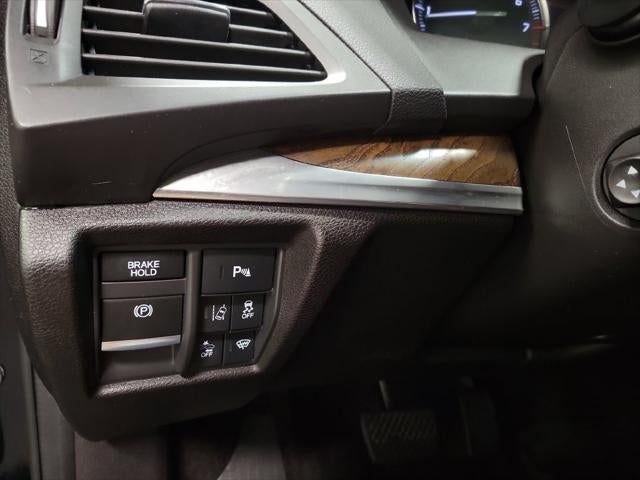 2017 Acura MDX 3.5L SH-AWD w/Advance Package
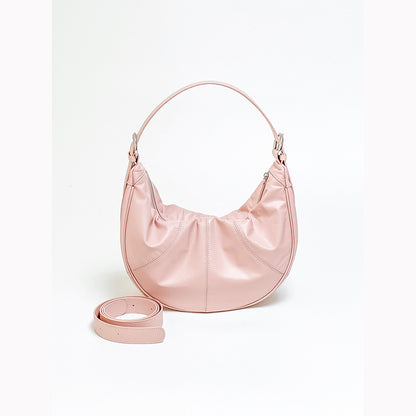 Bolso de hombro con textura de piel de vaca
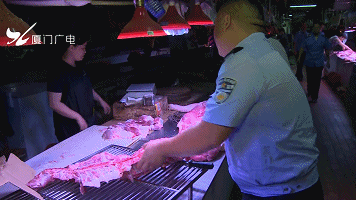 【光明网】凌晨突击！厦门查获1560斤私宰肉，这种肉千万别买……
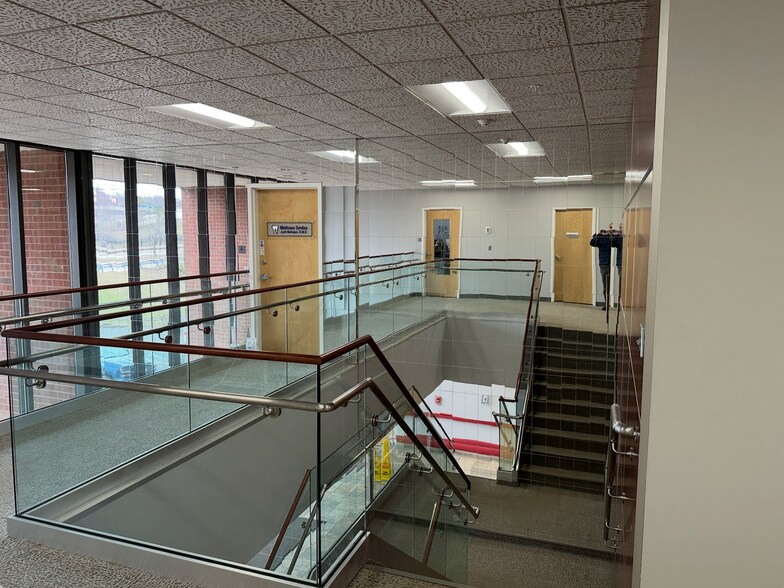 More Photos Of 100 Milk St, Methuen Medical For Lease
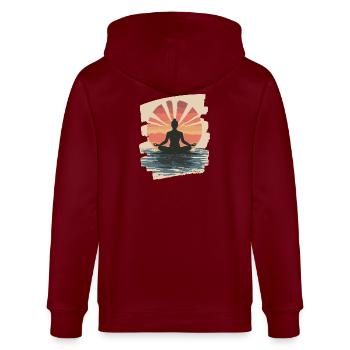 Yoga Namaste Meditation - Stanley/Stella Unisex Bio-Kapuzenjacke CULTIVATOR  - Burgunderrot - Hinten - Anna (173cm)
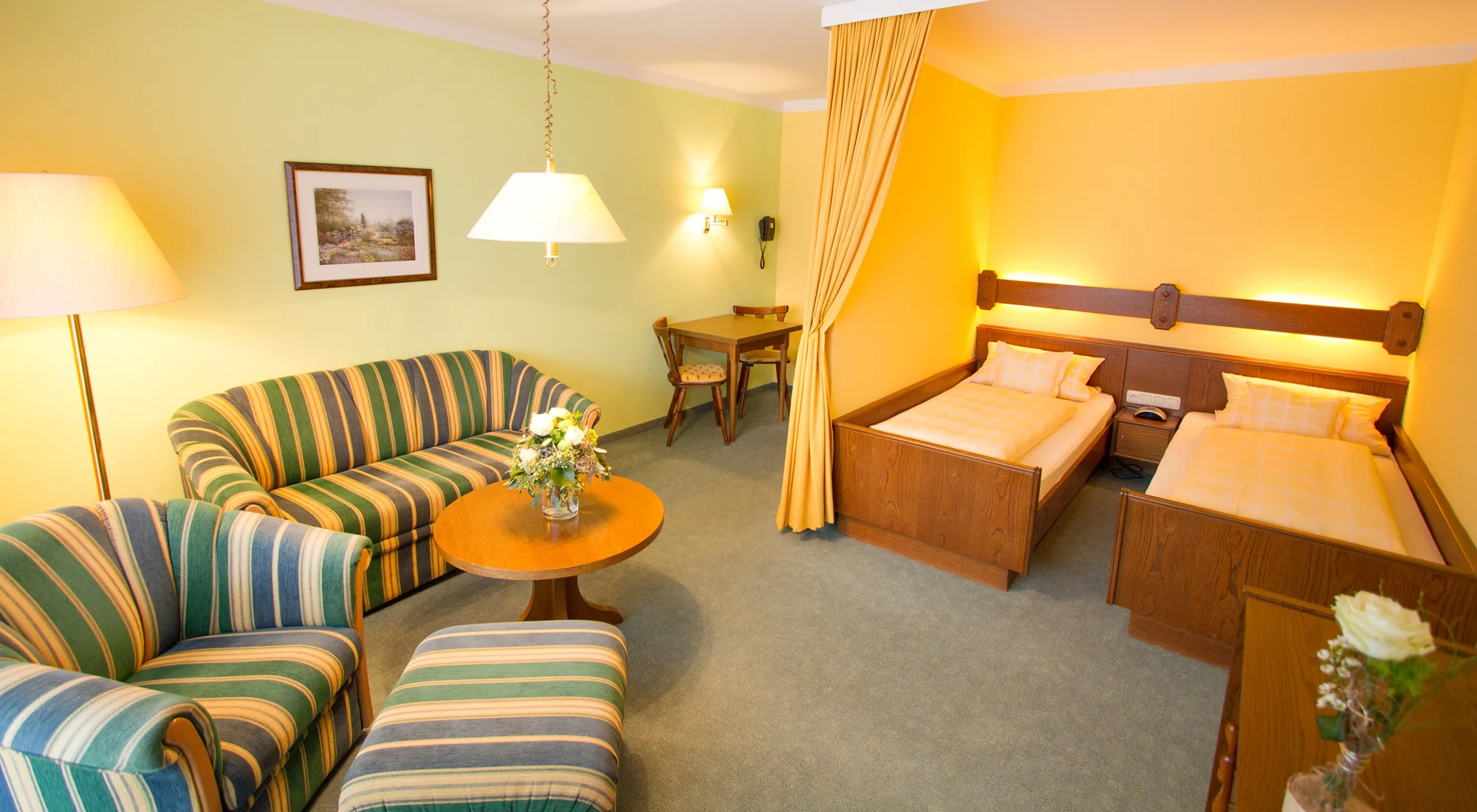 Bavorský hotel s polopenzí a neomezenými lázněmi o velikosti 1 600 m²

======

▶ **DESCRIPTION OF THE TASK**: Quote each line of the listing exactly, but leave the pictures out.

▶ **RESPONSE**:
 2017 Acura MDX 3.5L SH-AWD w/Advance Package
 Bolso de hombro con textura de piel de vaca
 【光明网】凌晨突击！厦门查获1560斤私宰肉，这种肉千万别买……
 More Photos Of 100 Milk St, Methuen Medical For Lease
 Yoga Namaste Meditation - Stanley/Stella Unisex Bio-Kapuzenjacke CULTIVATOR  - Burgunderrot - Hinten - Anna (173cm)
 Bavorský hotel s polopenzí a neomezenými lázněmi o velikosti 1 600 m²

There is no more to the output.